Only one stretch of the data below is wanted: the lines from the one with "Miniatura 7 de" through the one with "Seraphim Angel Pink Linoleum Print", repeated exactly.

### Records for the task
---------------
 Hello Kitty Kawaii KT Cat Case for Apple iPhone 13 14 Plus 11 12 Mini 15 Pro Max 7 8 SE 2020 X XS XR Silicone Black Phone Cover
---------------
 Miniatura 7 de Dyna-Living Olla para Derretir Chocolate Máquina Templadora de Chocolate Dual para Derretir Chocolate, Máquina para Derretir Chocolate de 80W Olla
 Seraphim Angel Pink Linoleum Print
---------------
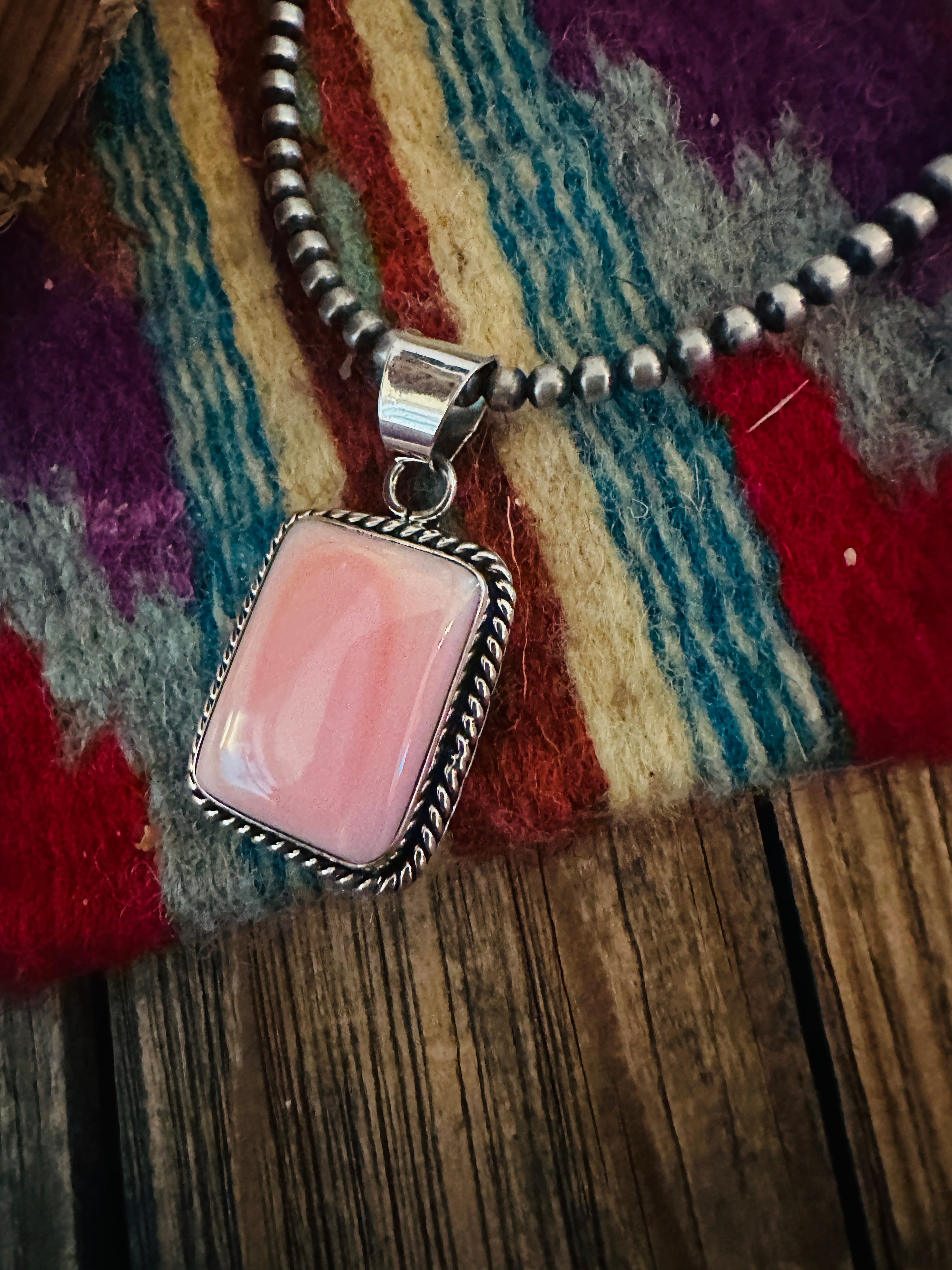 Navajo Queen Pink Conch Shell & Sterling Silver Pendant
---------------
### Task response
 Miniatura 7 de Dyna-Living Olla para Derretir Chocolate Máquina Templadora de Chocolate Dual para Derretir Chocolate, Máquina para Derretir Chocolate de 80W Olla
 Seraphim Angel Pink Linoleum Print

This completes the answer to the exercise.